Hi there,
Not to add to the glut of questions regarding PCoA outputs on QIIME vs R, but I couldn't find one that addresses the issue I'm having. For some background, I have multiple distance matrices that I've produced using phyloseq, rbiom, etc. based on data that I've imported into R from QIIME, and I'd like to analyze/visalize my data with PCoA. When I use the binary jaccard, the results I produce in R are identical to those produced in QIIME. So far, so good. However, when I tried running PCoA on the bray-curtis or unifrac distance matrices, my results started to differ. After some digging, I saw that there's some confusion on how exactly QIIME treats the data prior to computing a bray-curtis distance matrix, and I saw that there are some issues with phyloseq computing unifrac distance matrices. After troubleshooting, I still couldn't replicate the results from QIIME2 in R, so I decided to try importing and analyzing the distance matrices that QIIME2 produced and was (theoretically) using for PCoA. This is where things got weird for me.
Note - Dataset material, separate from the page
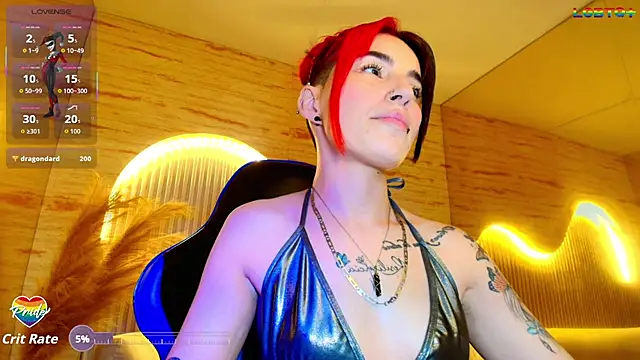 Moon_Red_r live cam on StripChat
Even when I use the exact same data that QIIME2 is using (i.e. the distance matrix I imported directly from qiime2 into R), my results still differ. Below is an example showing the results from PCoA using a bray-curtis matrix:
And again showing results from weighted unifrac:
The distances are slight so in the grand scheme of things they probably don't matter, but I'm still not sure how this is possible.
Also, for what it's worth, while I couldn't recreate the bray-curtis matrix that qiime produced in R, the weighted unifrac matrix I produced with rbiom was identical to the one that I ultimately ended up from qiime2 for the comparison above.
If anyone has any thoughts or ideas on what's going on here please let me know!
Cheers,
Noam